I gave a talk on R for the M.Sc. students at TERI University today. Here are some examples (PDF) I wrote up for the talk.

I was demonstrating ggplot2, and I showed them the plot below as an example of what not to do. This is a scatter plot of volatility in the Wholesale Price Index (WPI) for two years, but the result is cluttered by plotting all the 700 odd individual commodities but then tying the dot sizes and the transparency of the labels to the weight of the commodity in the WPI. The result gives an illusion of richness but conveys very little actual information.

WPI volatility comparison

Unfortunately we see more and more of plots of this type being put forward as examples of powerful data visualisation. I think a part of the reason for the popularity of complex data graphics is the visual appeal that comes from the appearance of depth that they give. Another reason is the well-meant desire to “let the data speak” without imposing an interpretation of one’s own. But to my mind this misses the point that the whole purpose of making a plot is to tell a story. If you want to just share the data the best way to do so would be in the form of a machine-readable file, not a set of pixels which are impossible to convert back into raw numbers.

As a counterpoint I showed the students this plot from Cleveland’s Visualizing Data. This is a plot of two years of data on barley yields for different varieties of barley at different experiment sites.

Barley yields

Cleveland discusses how this plot reveals an anomaly in the data that was missed by many statisticians who analysed the data set.

The comparison of the yield for the two years shows that it is only at the Morris site that the yield was higher in 1932 than in 1931. By itself this could be attributed to unobserved factor specific to Morris. But having a multipanel plot on a common scale allows us to easily compare the levels and changes across sites and see that though the Morris site has an opposite direction of change, the size of the change is about the same as at other sites. This makes an erroneous reversal of dates during data entry a more likely cause of the anomaly than idiosyncratic effects at Morris.

This is made even clearer by this box-and-whisker plot of the change in yields.

Difference in yields

This plot also reveals another anomaly. There is an outlier for Grand Rapids with the “wrong” sign but a value close to the median. Looking at the previous graph shows that this is the observation for the Velvet variety. Perhaps, as Cleveland points out, though not on the basis of the same plot, this is another entry error.

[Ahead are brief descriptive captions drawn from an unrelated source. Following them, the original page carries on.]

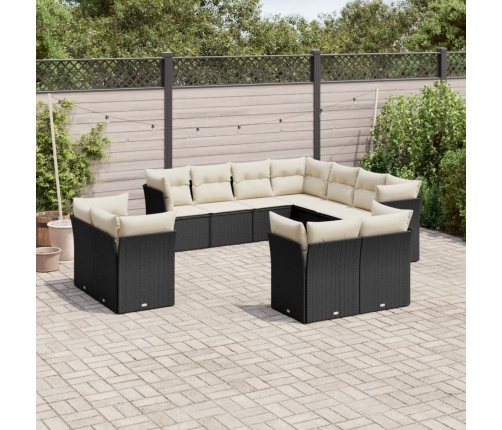 Set de sofás de jardín 11 pzas y cojines ratán sintético negro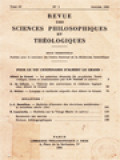 Revue Des Sciences Philosophiques Et Théologiques - Tome. 65, No. 1 - Janvier 1981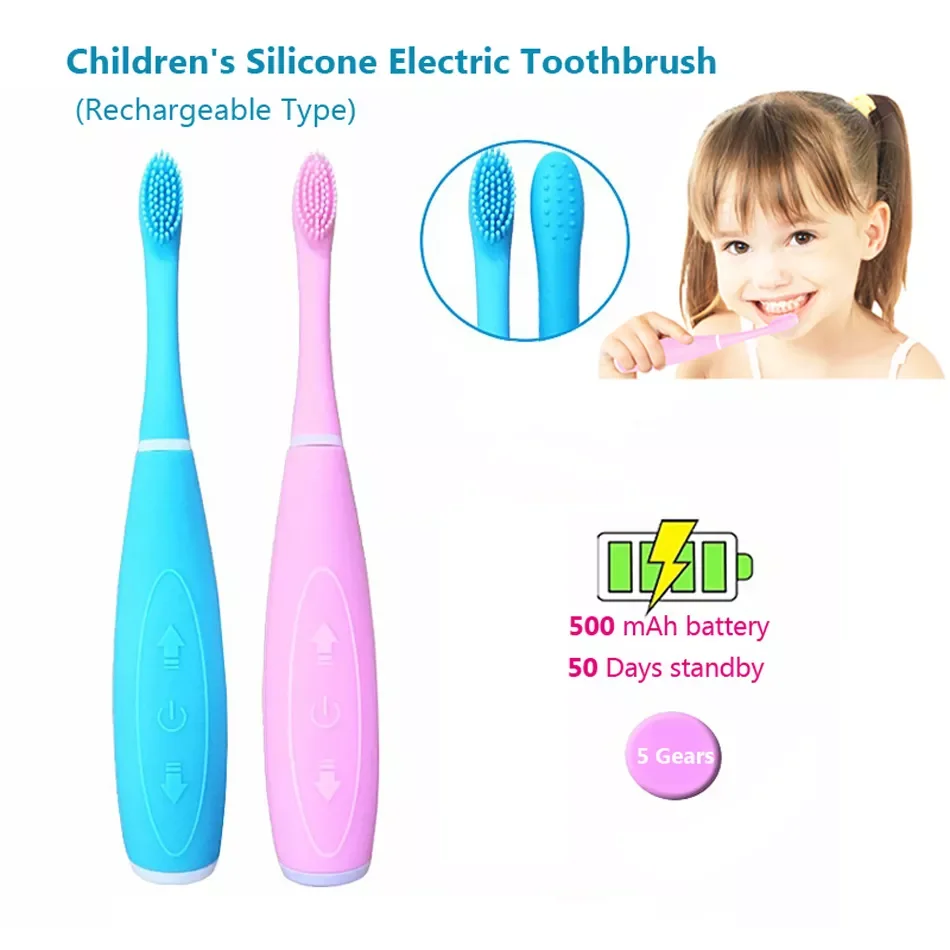 

Children's Electric Toothbrush Silica Gel USB Rechargeable Sound Waves Automatic Soft Brush Oral Care Cleaning For Kids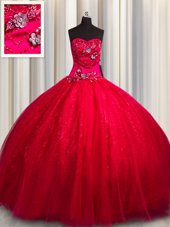 Fancy Red Sleeveless Tulle and Sequined Lace Up Sweet 16 Dresses for Military Ball and Sweet 16 and Quinceanera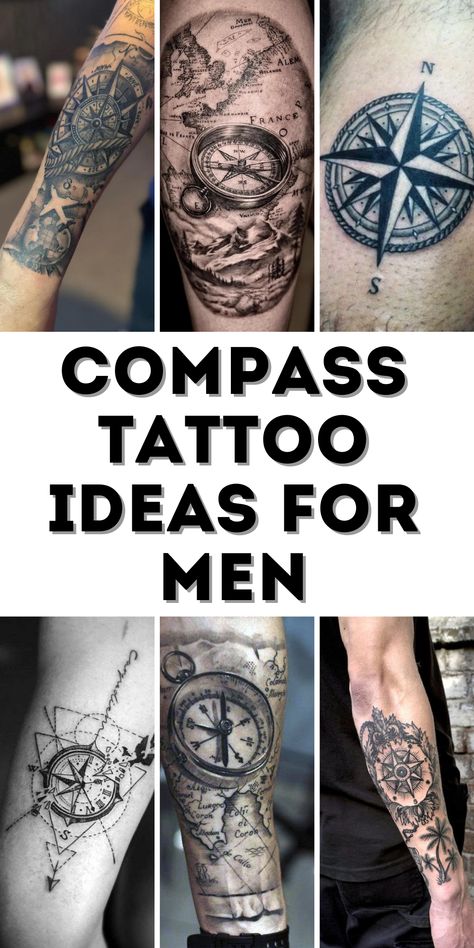 Compass Tattoo Ideas for Men Compass Roman Numeral Tattoo, Compass Tattoos For Men Forearm, Men’s Compass Tattoo, Compass Tattoo Design Men, Tattoo Compass Men, Unique Compass Tattoo, Compass Tattoos For Men, Compass Tattoo Ideas, Compas Tattoo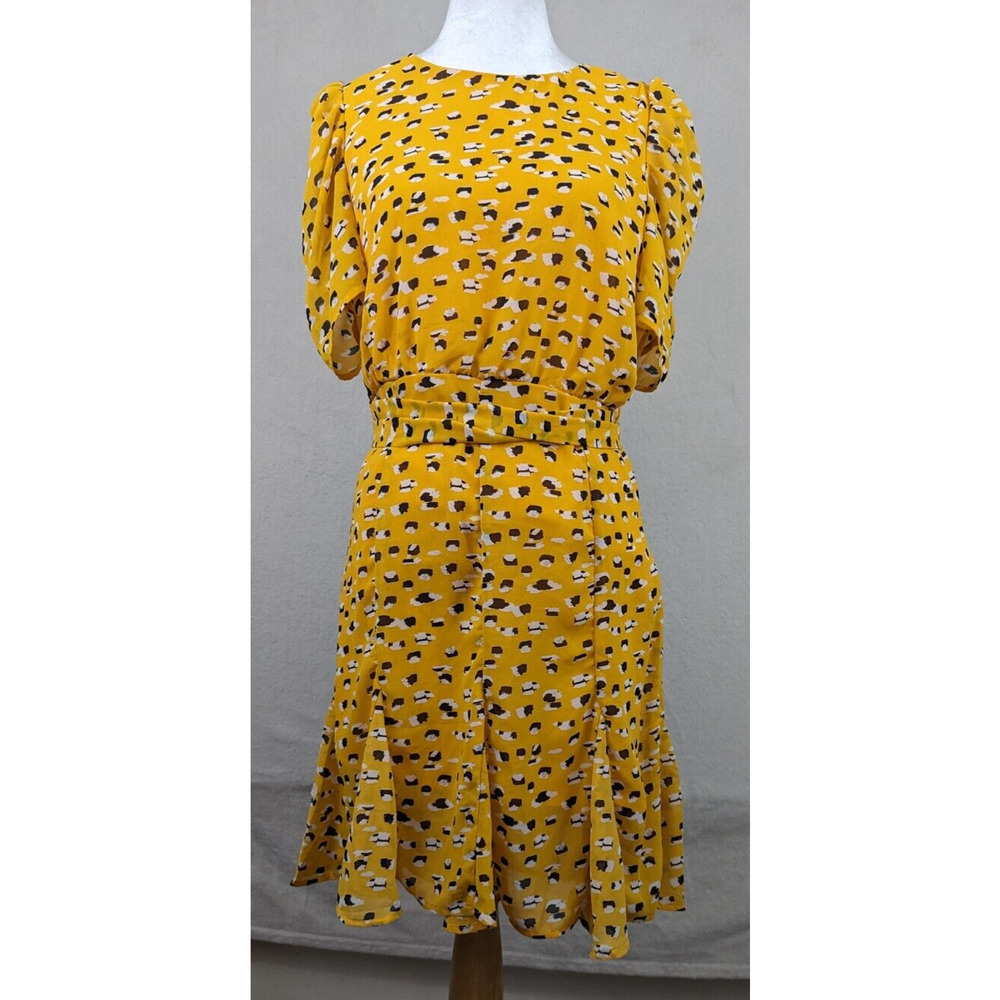 Ambition sz M Dress yellow lined sheer fluted skirt area matching belt 4462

I think economists make too little use of graphical devices such as faceted plots and boxplots. Statistics courses for economists end up devoting too much time to estimation and inference theory (some departments even claim to be teaching measure theory) and too little time to data exploration. As a result it seems to me that econometricians are falling behind the mainstream of statistics and data analysis. Changes to how econometrics is taught is the main way to correct this, but I think getting out of our Stata ghetto and sharing a tool like R with other data analysts will also help.

This is also the first time that I seriously used RStudio, and I must say that the support it provides for literate programming and interactive documents make me feel sorely tempted to shift away from Emacs+ESS.